The word "crisis" is inextricably linked for many with the concept of economic. Few think about the fact that in life, especially family life, a person also regularly experiences crises. Some consider them nothing more than fiction and myth. Others are sure that all this is a whim. And this is despite the fact that even quite strong-looking couples break up against the background of crises.

Psychologists, on the other hand, assure that you can prepare for every crisis in family relations, if there is such a desire. The main thing is to know the enemy by sight. Moreover, not every crisis is bad. Some are given to learn something and fix something.

To prepare for a crisis psychologically, you need to understand that there are problems that arise due to age, and there are those that are associated with the time and events of life together.

The crisis years include the first, third, fifth and seventh years after the wedding. These periods are called the crisis of living together. True, it should be borne in mind that these figures are averaged. For some, crises may come earlier, for others later, for others - as on schedule. The crisis of the first year occurs for the reason that the couple has already got used to each other, life is adjusted, the romantic images of princes and princesses have already dispelled. You need to be prepared in advance that your partner is not a permanent prince from a fairy tale: smart, healthy, romantic and cheerful. In fact, many people get sick, don’t dye and like to wear a Mickey Mouse T-shirt at home. So that the stress from the removed masks is not strong, you need to diversify your life, for example, to define certain home clothes for the house - beautiful, elegant and at the same time comfortable. In addition, be sure to tune in to compromises and not push each other.

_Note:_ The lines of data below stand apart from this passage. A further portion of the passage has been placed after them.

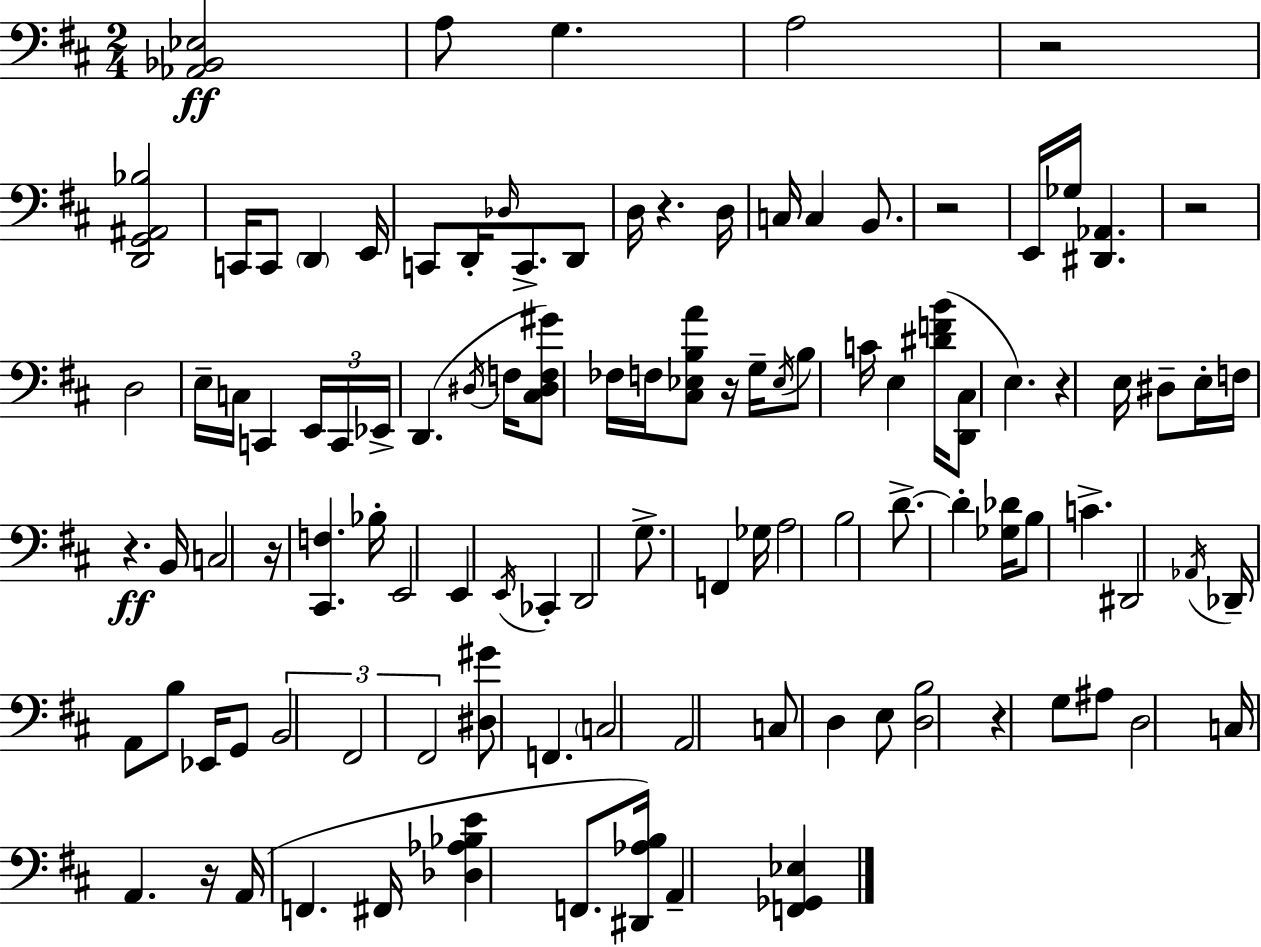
X:1
T:Untitled
M:2/4
L:1/4
K:D
[_A,,_B,,_E,]2 A,/2 G, A,2 z2 [D,,G,,^A,,_B,]2 C,,/4 C,,/2 D,, E,,/4 C,,/2 D,,/4 _D,/4 C,,/2 D,,/2 D,/4 z D,/4 C,/4 C, B,,/2 z2 E,,/4 _G,/4 [^D,,_A,,] z2 D,2 E,/4 C,/4 C,, E,,/4 C,,/4 _E,,/4 D,, ^D,/4 F,/4 [^C,^D,F,^G]/2 _F,/4 F,/4 [^C,_E,B,A]/2 z/4 G,/4 _E,/4 B,/2 C/4 E, [^DFB]/4 [D,,^C,]/2 E, z E,/4 ^D,/2 E,/4 F,/4 z B,,/4 C,2 z/4 [^C,,F,] _B,/4 E,,2 E,, E,,/4 _C,, D,,2 G,/2 F,, _G,/4 A,2 B,2 D/2 D [_G,_D]/4 B,/2 C ^D,,2 _A,,/4 _D,,/4 A,,/2 B,/2 _E,,/4 G,,/2 B,,2 ^F,,2 ^F,,2 [^D,^G]/2 F,, C,2 A,,2 C,/2 D, E,/2 [D,B,]2 z G,/2 ^A,/2 D,2 C,/4 A,, z/4 A,,/4 F,, ^F,,/4 [_D,_A,_B,E] F,,/2 [^D,,_A,B,]/4 A,, [F,,_G,,_E,]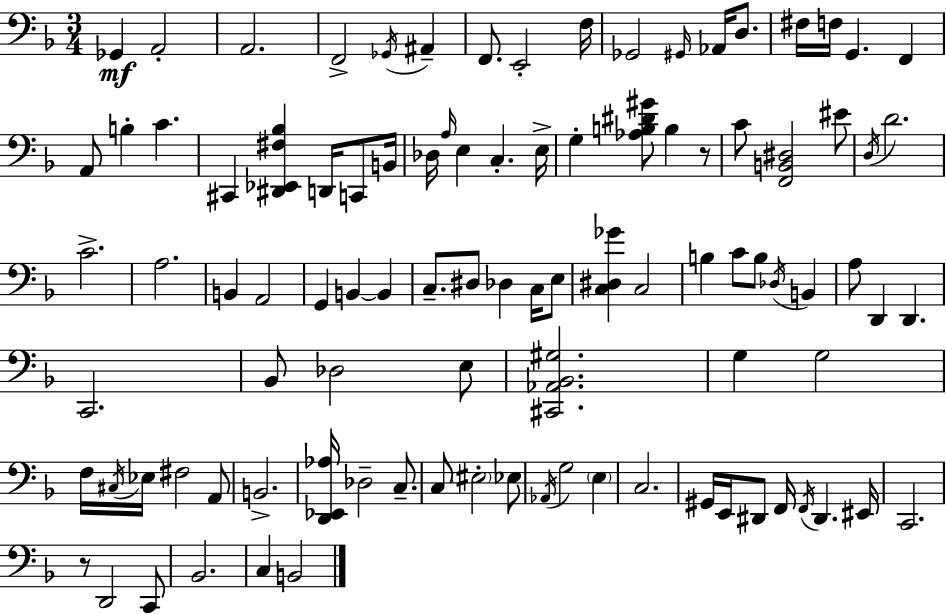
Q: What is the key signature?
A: F major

In the third and fifth year of life, crises usually occur due to the appearance of children in the house. Upbringing, childbirth, lack of sleep, a new distribution of responsibilities lead to quarrels and scandals. It is necessary to read books and magazines in advance to prepare for what may await you after the birth of your baby. After giving birth, you should immediately agree on the distribution of responsibilities in the family. This will only work if both partners are adults and mature people.

In the seventh year, there is a crisis of novelty. After all, it seems that the partners know literally everything about each other and it is rather difficult to surprise with something. If you begin to feel that you are slowly being covered with dissatisfaction with your partner and at the same time you have begun to look around and evaluate others on the streets as opposed to being together with your partner, it is time to act. It is necessary to gather strength and organize the novelty in the family. Change your haircut, wardrobe, come up with a new hobby for the whole family, for example, joint hiking trips, etc. This will be useful from the point of view of psychology for each of the spouses, because each of them will feel in a new status.

The midlife crisis is another challenging period. He is able to poison the lives of partners no less than the problems that arise during the years of family life. For men, this is a period of rethinking their lives, during which it seems to them that they are still in their prime, and the family is an extra burden. Ladies, on the other hand, also think about their lives, but at the same time evaluate themselves more in terms of their own solvency - profession, female share, etc. The main psychological preparation here is a change of hobbies, a change in occupation, joint dialogues with a spouse, and much more, which will allow you to find common points of contact and support each other.

The crises of later years of marriage are caused by monotony and fatigue. Here it is enough to have the desire to preserve the marriage so that there is enough imagination to figure out how to preserve it. So, for example, you can visit a psychologist together, come up with new activities, for example, travel, and give each other a little freedom.

Crises are not as bad as they seem. Each of them is given to a couple in order to once again look at their family from the outside and understand what can be improved and improved, and what manners and behavior can be abandoned.